月の裏側を探査する中国のしたたかな戦略と、戦略なき日本の探査
着実に月探査を進める中国
中国はさらに、月の岩石を採取して地球に持ち帰る探査機「嫦娥五号」の開発も進めており、早ければ2019年にも打ち上げるとしている。そして2030年代には有人月探査の実現も目指している。
中国の月探査の特徴は、長期的な計画に基づいて、戦略的に探査を実施する「プログラム的探査」を行っているところにある。

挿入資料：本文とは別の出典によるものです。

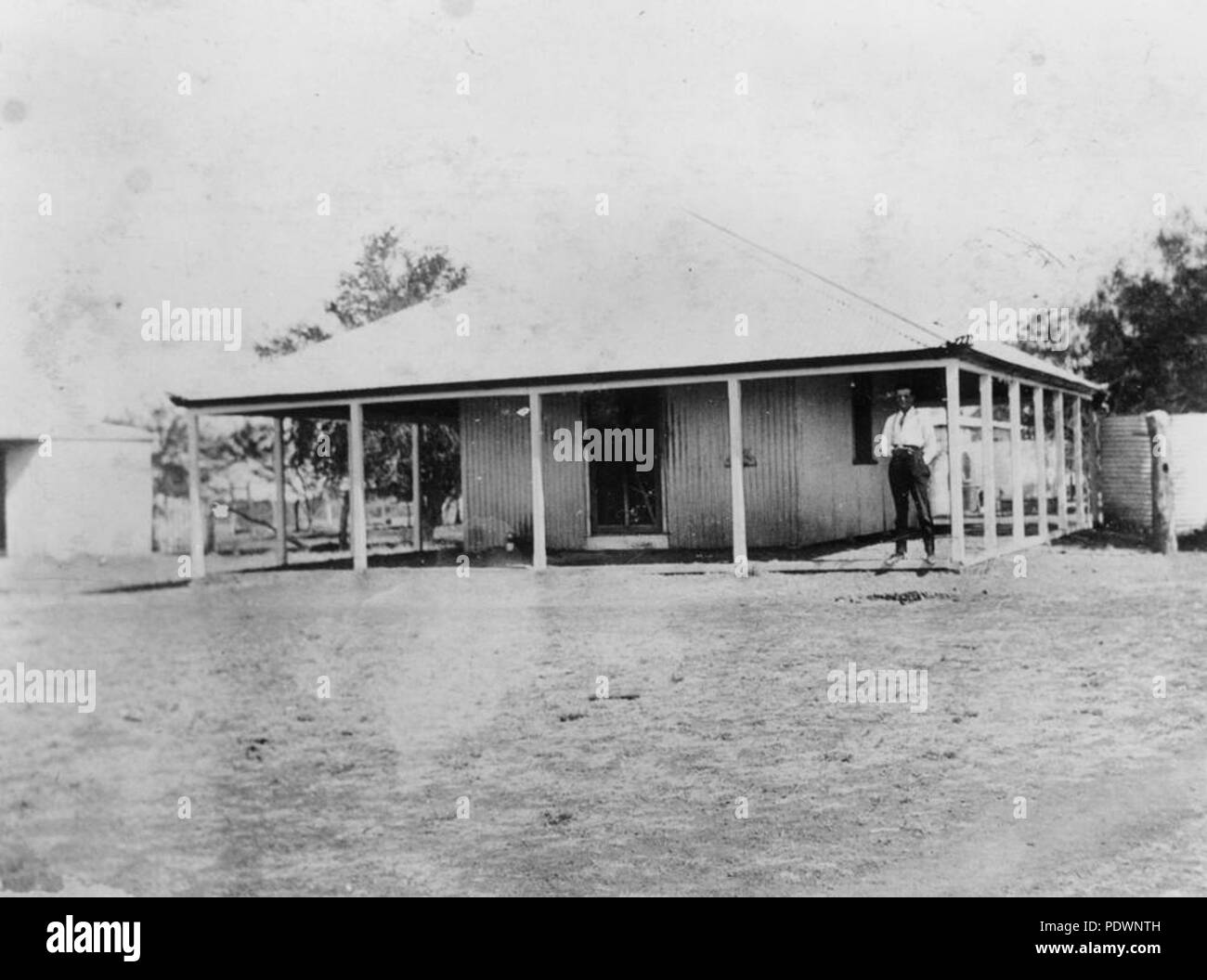 273 StateLibQld 1 77415 Gentleman standing on the verandah of the office at Eddington Station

まず月のまわりを回って探査し、続いて月に着陸し、さらに月から岩石を持ち帰り、やがて有人を送り込もうという一連の流れは、月の謎の解明と、そして有人月探査という究極の目標に向けて一本筋が通っており、また段階を踏んで難しいことに挑戦していくことから、失敗のリスクも小さい。時間はかかるものの確実で、場合によっては"急がば回れ"にもなる。
月にはまだ多くの謎が秘められており、それを解明できれば科学史に名が残る。ひいては中国の科学・技術をアピールすることにもなり、さらに人を送り込むことができればなおのことである。
科学的な成果と存在感の発揮、名も実も取ることを目指した、したたかな戦略といえる。
中国は今年末、世界初となる月面裏側への軟着陸を計画しており、地球上との通信を中継する役割の通信衛星を打ち上げた日本の月探査計画
一方、日本の月探査の歩みと先行きは厳しい状況にある。
たとえば2007年、くしくも嫦娥一号と同じ年に、日本は「アポロ計画以来の本格的・最大の月探査」と銘打った探査機「かぐや」を打ち上げ、多くの実績を残した。しかし、その後継機の計画は頓挫しており、開発や打ち上げの目処は立っていない。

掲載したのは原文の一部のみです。